At the end of the game he was full of praise for me, but that’s easy to say when you’ve just beaten someone! Having said that, it was a great experience to come up against someone that good.

You’ve got to have a hell of a serve in table-tennis. If you’ve got a good serve and your opponent can’t get the ball back, it’s job done. When I play Pearcey, for example, I know just what to do: if you put a bit of spin into his forehand, he can’t handle it.

Putting spin on the ball isn’t hard at all and if you sense that the person you’re playing doesn’t fancy it then you can exploit that. If I’m playing against someone who has a shit backhand then I’ll be putting the ball there all day long. 

Hand-eye coordination is important, which explains why a lot of goalkeepers are so good – because they’re quick with their hands. And even if you’ve got no technique you can get away with a lot in this sport if you’ve got good reactions.

Finding the angles is important and that comes the more you play and the more comfortable you become around the table. A bit of gamesmanship never goes amiss either; it’s amazing how you can grind your opponent down with a comment here and a little dig there.

It definitely burns calories: the other day I saw a TV interview with a top weightlifter who said he used the sport to keep his weight down. It didn’t surprise me, because you get a sweat up when you’re charging around the table.

I’ve heard there’s some top players at other clubs – Rio Ferdinand is supposed to be pretty useful – but I’ve never played anyone outside Reading so it’s hard to tell how good I am in comparison to other players. 

I’m not a great follower of the sport on the television or in the newspapers; it’s only ever onJ when the Olympics are on anyway. Whenever I do see a game I’m always impressed by just how good the top players are – they stand about a metre away from the end of the table with sweat-soaked shirts going at it like there’s no tomorrow – but if you asked me to name another table-tennis player except Matthew I’d struggle. 

The training ground table is great but I think it’s time the club invested in some new bats: half of them look like someone has tried to eat them! I’m playing in a celebrity tournament at the Royal Albert Hall in March so I’m thinking of investing in a bat of my own for that.

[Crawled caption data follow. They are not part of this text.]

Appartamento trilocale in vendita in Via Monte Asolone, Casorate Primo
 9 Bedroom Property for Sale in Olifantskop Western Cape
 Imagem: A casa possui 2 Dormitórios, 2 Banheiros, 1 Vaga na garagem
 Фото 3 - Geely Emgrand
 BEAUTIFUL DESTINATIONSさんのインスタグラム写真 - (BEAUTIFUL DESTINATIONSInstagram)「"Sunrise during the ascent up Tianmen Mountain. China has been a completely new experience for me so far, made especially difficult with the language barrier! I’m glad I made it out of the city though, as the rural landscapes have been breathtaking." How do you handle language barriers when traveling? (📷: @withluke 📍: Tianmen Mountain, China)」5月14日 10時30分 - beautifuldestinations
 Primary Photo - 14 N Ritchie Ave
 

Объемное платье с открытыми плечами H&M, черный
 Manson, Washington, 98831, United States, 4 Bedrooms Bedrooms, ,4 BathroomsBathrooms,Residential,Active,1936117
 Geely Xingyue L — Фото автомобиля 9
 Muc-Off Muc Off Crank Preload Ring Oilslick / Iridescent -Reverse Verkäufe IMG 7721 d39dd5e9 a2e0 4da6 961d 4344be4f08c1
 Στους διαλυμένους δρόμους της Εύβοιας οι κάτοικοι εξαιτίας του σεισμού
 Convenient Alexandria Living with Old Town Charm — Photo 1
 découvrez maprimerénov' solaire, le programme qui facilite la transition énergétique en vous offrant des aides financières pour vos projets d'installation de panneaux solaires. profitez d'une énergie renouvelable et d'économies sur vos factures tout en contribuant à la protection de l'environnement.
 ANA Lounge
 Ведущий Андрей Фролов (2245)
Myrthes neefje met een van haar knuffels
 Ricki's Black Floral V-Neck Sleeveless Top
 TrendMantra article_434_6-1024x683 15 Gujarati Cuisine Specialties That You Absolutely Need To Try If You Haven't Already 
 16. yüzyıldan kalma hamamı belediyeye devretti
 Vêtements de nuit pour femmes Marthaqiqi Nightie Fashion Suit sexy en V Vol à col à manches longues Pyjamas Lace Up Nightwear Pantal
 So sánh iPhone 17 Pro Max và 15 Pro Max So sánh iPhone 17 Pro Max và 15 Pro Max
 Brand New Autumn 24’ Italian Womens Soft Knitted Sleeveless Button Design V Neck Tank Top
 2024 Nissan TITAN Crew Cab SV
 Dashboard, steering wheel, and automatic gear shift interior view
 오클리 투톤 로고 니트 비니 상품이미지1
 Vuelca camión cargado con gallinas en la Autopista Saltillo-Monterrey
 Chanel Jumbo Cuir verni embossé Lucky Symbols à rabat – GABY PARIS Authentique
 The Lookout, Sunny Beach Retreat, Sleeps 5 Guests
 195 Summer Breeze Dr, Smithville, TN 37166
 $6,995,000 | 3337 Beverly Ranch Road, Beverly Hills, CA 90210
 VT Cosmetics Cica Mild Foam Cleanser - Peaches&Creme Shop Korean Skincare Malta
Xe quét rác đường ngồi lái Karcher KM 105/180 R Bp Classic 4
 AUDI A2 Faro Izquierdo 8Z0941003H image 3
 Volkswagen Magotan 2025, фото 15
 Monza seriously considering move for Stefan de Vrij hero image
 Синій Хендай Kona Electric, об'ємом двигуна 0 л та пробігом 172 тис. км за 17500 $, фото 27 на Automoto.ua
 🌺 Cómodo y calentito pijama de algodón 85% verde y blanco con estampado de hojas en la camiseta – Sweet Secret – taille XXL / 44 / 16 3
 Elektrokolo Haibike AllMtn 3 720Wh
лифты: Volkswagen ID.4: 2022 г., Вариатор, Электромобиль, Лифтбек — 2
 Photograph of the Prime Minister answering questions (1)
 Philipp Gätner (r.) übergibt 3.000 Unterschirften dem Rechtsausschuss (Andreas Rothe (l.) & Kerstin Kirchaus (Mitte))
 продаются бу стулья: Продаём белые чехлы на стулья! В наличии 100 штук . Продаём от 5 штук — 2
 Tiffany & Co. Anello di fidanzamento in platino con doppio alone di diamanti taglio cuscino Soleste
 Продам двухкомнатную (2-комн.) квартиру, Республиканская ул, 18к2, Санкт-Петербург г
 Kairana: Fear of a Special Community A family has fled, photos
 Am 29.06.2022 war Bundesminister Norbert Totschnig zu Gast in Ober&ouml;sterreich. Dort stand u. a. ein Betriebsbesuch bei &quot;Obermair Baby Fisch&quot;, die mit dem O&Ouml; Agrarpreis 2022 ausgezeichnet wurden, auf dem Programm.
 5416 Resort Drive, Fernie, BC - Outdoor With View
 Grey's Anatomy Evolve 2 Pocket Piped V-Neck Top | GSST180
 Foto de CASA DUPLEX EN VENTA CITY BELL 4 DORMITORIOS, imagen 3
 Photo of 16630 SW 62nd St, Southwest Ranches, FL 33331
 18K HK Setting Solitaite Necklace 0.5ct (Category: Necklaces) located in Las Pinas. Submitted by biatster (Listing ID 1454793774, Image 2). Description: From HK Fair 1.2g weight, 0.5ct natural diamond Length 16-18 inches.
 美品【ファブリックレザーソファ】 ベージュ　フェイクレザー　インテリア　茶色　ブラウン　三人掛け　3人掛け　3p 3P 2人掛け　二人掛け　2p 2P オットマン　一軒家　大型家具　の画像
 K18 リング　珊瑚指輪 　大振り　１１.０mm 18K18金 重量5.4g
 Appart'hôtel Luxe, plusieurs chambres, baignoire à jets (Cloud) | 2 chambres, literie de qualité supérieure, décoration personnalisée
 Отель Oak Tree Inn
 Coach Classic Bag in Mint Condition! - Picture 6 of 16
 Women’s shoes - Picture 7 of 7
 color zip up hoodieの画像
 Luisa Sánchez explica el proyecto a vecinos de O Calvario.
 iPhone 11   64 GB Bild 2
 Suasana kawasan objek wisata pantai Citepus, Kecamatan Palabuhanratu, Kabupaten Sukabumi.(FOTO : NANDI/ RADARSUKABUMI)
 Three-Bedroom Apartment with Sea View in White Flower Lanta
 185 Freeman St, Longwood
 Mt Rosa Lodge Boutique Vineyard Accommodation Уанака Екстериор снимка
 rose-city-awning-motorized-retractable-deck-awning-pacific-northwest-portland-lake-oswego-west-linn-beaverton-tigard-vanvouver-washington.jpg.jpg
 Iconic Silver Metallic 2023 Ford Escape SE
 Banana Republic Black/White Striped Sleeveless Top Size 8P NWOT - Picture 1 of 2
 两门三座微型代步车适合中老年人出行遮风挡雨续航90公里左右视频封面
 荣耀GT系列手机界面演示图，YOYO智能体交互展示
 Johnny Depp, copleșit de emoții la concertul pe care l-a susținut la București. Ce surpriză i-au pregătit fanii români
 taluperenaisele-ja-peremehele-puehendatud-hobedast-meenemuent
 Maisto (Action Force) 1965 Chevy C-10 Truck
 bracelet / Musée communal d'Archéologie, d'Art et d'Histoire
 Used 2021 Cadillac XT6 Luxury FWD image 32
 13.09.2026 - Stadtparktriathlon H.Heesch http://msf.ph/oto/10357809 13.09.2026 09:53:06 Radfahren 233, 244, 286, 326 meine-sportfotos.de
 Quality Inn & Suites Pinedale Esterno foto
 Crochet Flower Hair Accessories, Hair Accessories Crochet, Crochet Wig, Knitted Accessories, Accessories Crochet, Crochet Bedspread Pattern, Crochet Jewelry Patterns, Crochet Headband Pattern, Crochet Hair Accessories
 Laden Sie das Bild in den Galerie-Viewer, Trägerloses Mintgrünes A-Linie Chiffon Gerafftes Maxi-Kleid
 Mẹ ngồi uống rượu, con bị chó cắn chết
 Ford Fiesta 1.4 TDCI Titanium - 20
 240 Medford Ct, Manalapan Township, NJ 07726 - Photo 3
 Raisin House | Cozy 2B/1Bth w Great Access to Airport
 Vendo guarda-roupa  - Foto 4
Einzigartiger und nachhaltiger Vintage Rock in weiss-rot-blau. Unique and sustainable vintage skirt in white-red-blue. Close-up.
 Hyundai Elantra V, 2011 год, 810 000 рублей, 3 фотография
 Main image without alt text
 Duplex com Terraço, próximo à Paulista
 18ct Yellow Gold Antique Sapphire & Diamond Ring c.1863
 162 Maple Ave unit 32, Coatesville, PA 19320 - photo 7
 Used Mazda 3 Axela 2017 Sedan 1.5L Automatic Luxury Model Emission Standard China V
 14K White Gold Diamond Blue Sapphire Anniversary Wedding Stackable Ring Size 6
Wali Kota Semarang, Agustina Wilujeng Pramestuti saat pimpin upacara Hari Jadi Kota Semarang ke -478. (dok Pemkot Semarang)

I’ve no idea who else is involved the tournament but I’m looking forward to it. Obviously it will be totally different to anything I’ve ever done before and apparently they’re expecting about 5,000 people to turn up so I better make sure I’m at my best!

I don’t care if I get battered, I don’t care what happens, I’m just going to enjoy myself and make loads of noise. Every time I get a point I’m going to go crazy – I’m there for the craic and the banter and, who knows, maybe I’ll get the chance to take on Rio and see how he measures up.  

In the run-up to the tournament I’ll be working on my serve and a few other tricks. I’ll be hitting the table like you wouldn’t believe and by the time I get to the Albert Hall I’ll be on fire...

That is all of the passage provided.